One would think that this would be enough to get people to think critically about the services they were using and what they are doing. Sadly, it did not. Sadly it seems, most of the public simply listens to media and takes what is told to them at face value.
Apple had come forward to deny the accusation of Drop Out Jeep. They claimed that they had never installed back doors in their phones. Numerous internet companies such as the aforementioned Apple, Google, Facebook, and others which were named in Snowden’s leaks have changed the narrative in the world of privacy. They now state they are concerned for our privacy. They state that they are fighting for our privacy. They are taking that fight for our privacy to very extreme lengths. Now, these same companies that were specifically named by Snowden as leaving wide open back doors to PRISM are now refusing to give the governments any help at all, regardless of the reason. Using the outcry of the public against unnecessary spying, these companies are now using encryption as a means to deny the government help in cases of crime or terrorism. A large portion of the public is happy with this. They happily believe that these companies are looking out for their privacy because they are fighting their governments.
There is a critical flaw in this theory. The flaw is that back doors are not needed when there are wide open front doors.
Big Brother is indeed watching. Big Brother is watching more intently than he’s ever watched before. But it’s not the Big Brother most people would recognize. It turns out that Big Brother is not the governments of this world. Instead, Big Brother is commercial companies. The same commercial companies originally listed by Snowden in his leaks. And these commercial companies are not watching us so ensure we are stepping inside the lines, they’re not watching to ensure we follow the laws of the land, they are watching for profit. They are watching to commoditize the user.
Let’s look back to what the public was outraged about. It was the wholesale spying on our communications. Be they voice calls, emails, or messages sent via different messengers. It was not the wiretapping of criminals, that has gone on for long enough with no complaints by the public. It was the fact that regular law abiding folk was being watched and listened to. The fact of the matter is, that those regular law abiding folk are now being watched and listened to at an even greater extent.

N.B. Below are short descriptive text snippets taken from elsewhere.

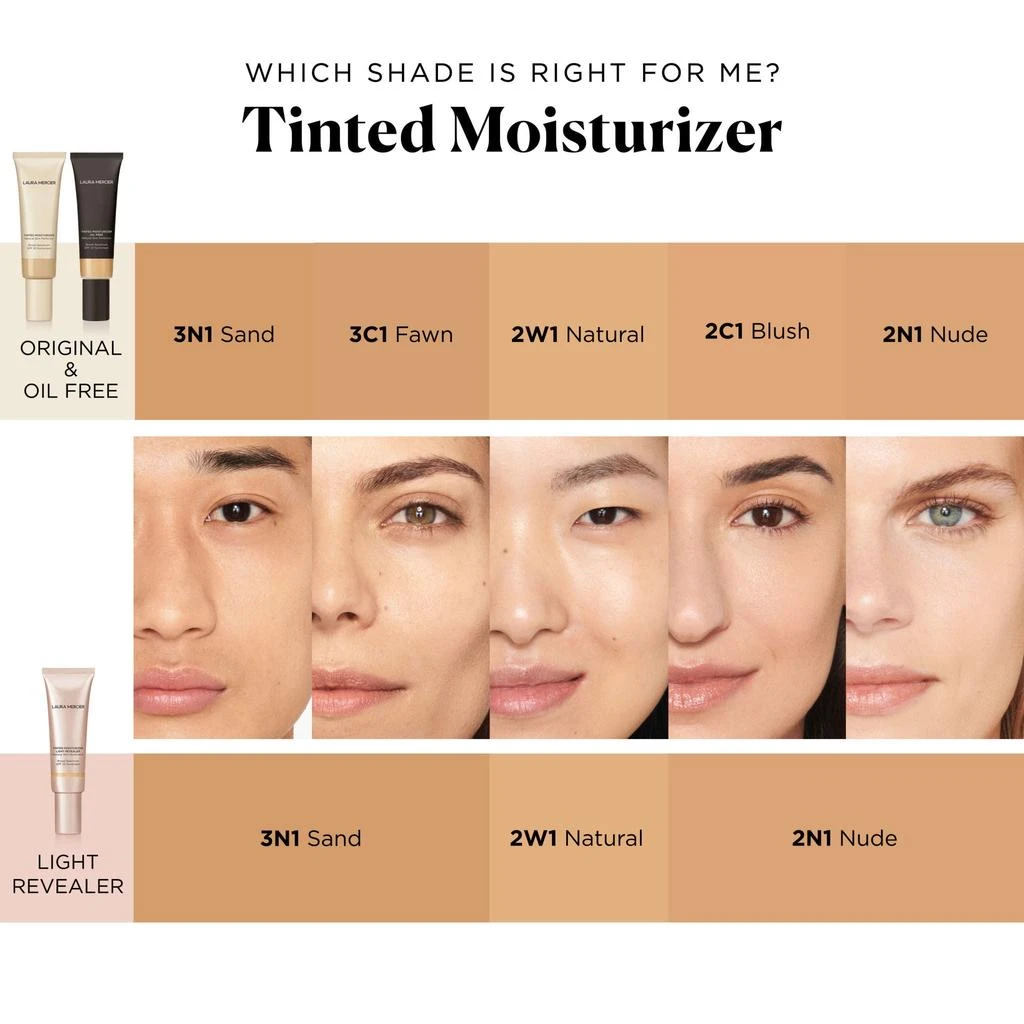 Tinted Moisturizer Natural Skin Perfector SPF 30 商品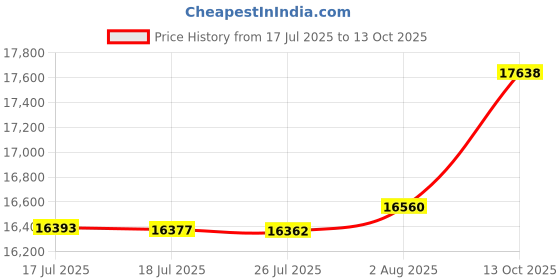 amazon.in New Tractor Complete Tune-Up Kit Fits Massey Ferguson TO20 TO30 TO35 F40 MH50 + Price History Graph from 17 Jul 2025 to 13 Oct 2025
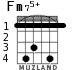 Fm75+ para guitarra - versión 3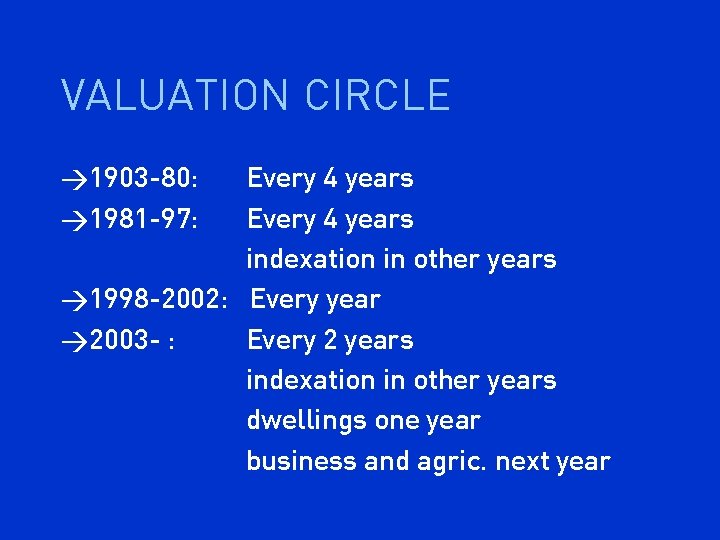 VALUATION CIRCLE >1903 -80: >1981 -97: Every 4 years indexation in other years >1998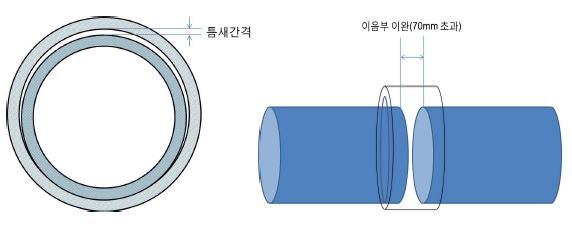 그림 4-13 칼라접합 시 이음부 이완 및 틈새간격 범위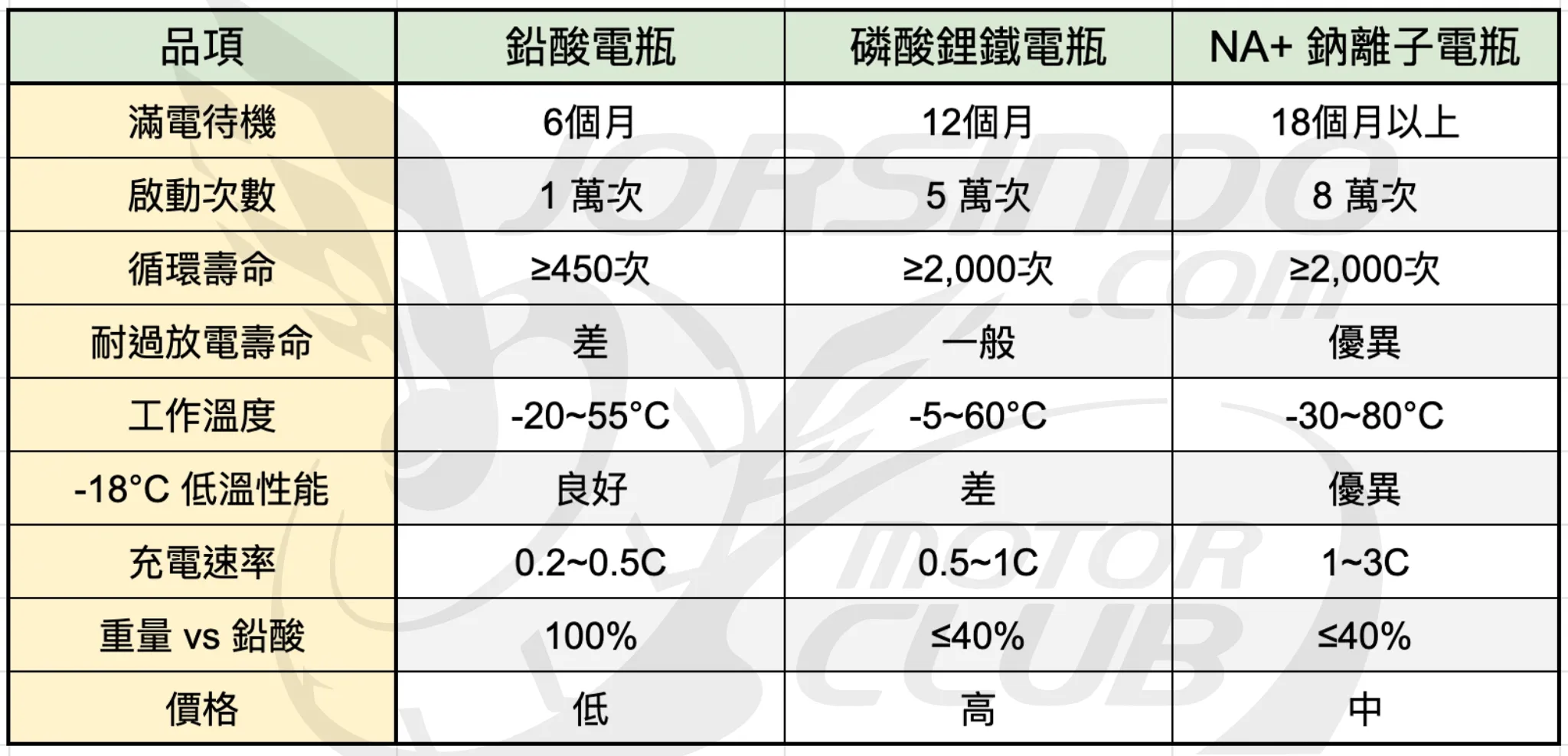 2026 機車啟動電瓶推薦｜鉛酸、鋰鐵、鈉離子對於電推與壽命影響2224|小老婆汽機車資訊網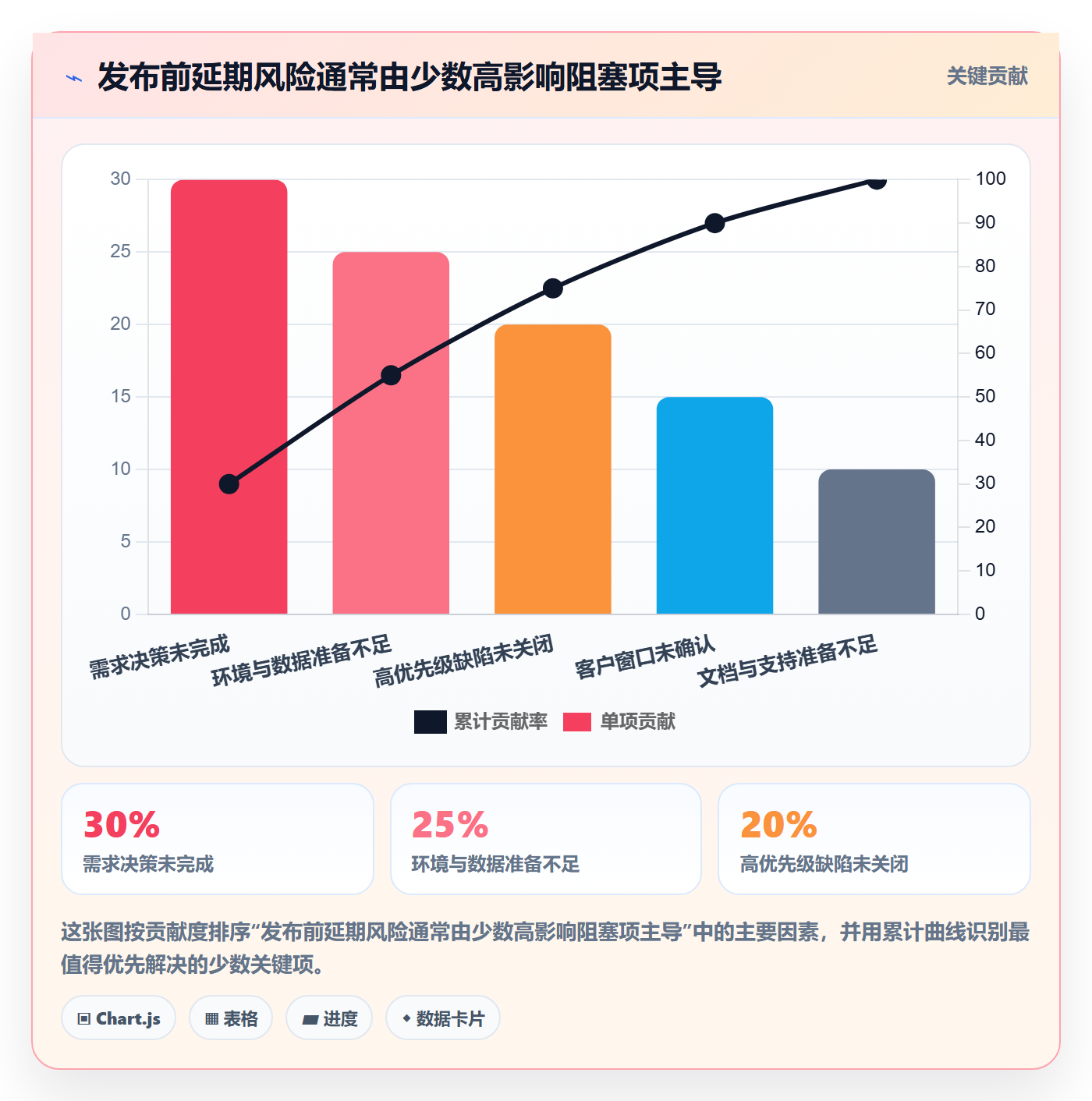 版本管理版本发布时间全流程:PMO协同管理与一文讲清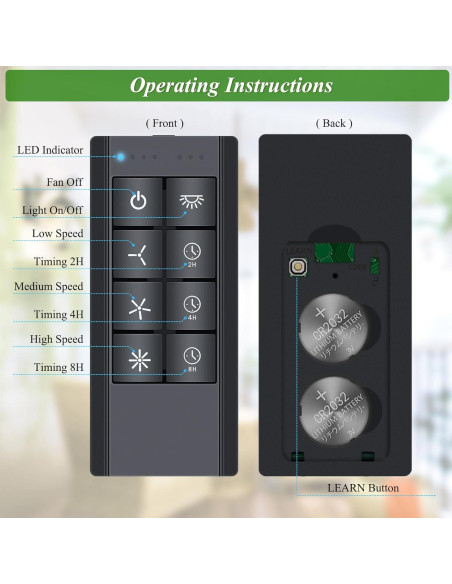 Kit Control Remoto Ventilador Techo COREBAY WiFi 3 Velocidades
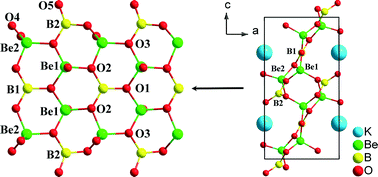 Graphical abstract: A new alkaline beryllium borate KBe4B3O9 with ribbon alveolate [Be2BO5]∞ layers and the structural evolution of ABe4B3O9(A = K, Rb and Cs)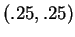 $ (.25,.25) $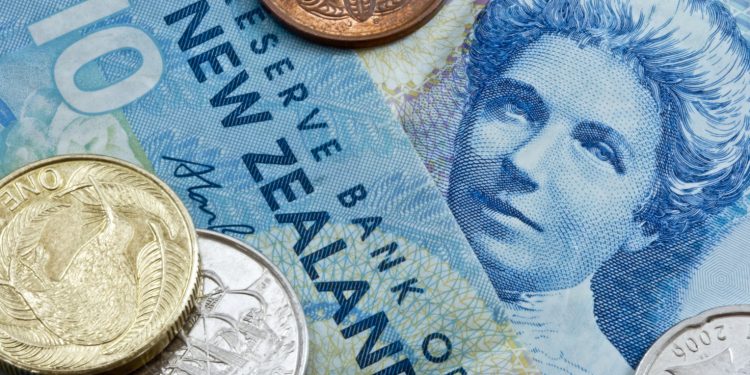 NZD/USD Rebound Hopes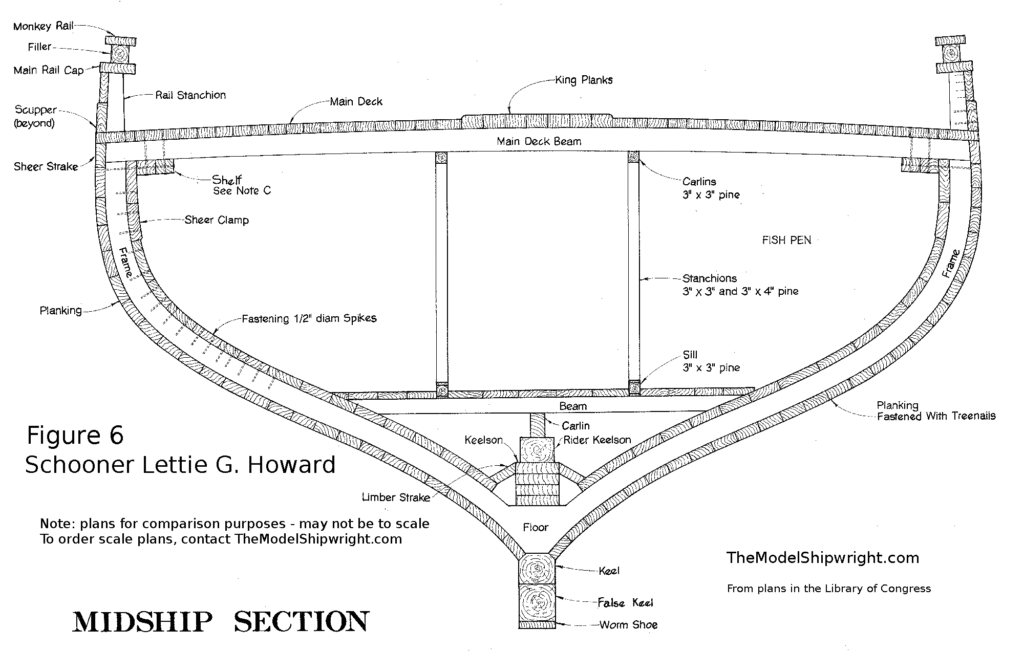 the-cross-section-of-a-ship-s-hull-illustrating-the-placement-of-the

Social media giant Facebook, which also owns Instagram and WhatsApp, tracks us to an extent I believe Project PRISM would be jealous of. They track users location, web history, they have access to millions if not billions of photos of it’s users. It is now being found out that Facebook leaves the mic active on phones using it’s apps, and is scraping information from the so called private messages being sent between users. Google has placed many apps in the Apple App Store, one of the newer ones is a keyboard which will relay information back to Google, with the reasoning that it will provide a better experience to the user. The fact of the matter is it is information being collected on the user, and sent out to a third party. The shocking thing? Apple and Google, who have stated a strong stance against the supposed back doors requested by governments are allowing apps not limited to Facebook and Google full access to their users. The very access they claim to be protecting from governments.
How can we ensure that users fully understand what they are giving up by using these “services”? I think it’s obvious that users do not. All too obvious. Many of these activities carried out by these apps are hidden deep withing EULA agreements which no one ever realistically reads, or camouflaged behind confusing permissions. Do we need further proof? Here’s a perfect test. Do a quick internet search of “turn off location services in Facebook” and you will find hundreds of posts written over the last several years which follow the same pattern. That pattern is as follows;
“Did you know Facebook tracks your location? No one wants that. Here’s how to turn it off”
This is generally followed by a few angry comments from readers that are shocked that Facebook has done such a thing. They will then turn off their location services, and go back to happily using Facebook and on the next Facebook update those location services are turned back on again, with the user none the wiser.
If you’d like further proof, simply read any of the comments on any site which was speaking about the Apple vs. FBI encryption debate. You shall see hundreds of users irate over the idea that the government would have access to the messages of users, all the while gladly handing over this very same information to companies which have absolutely no responsibility to our welfare. The only responsibility these companies have is to profit. And it shows.
If you ask me, the battle over back doors is simply a diversionary tactic. A diversion so that users will not notice that the front door is wide open.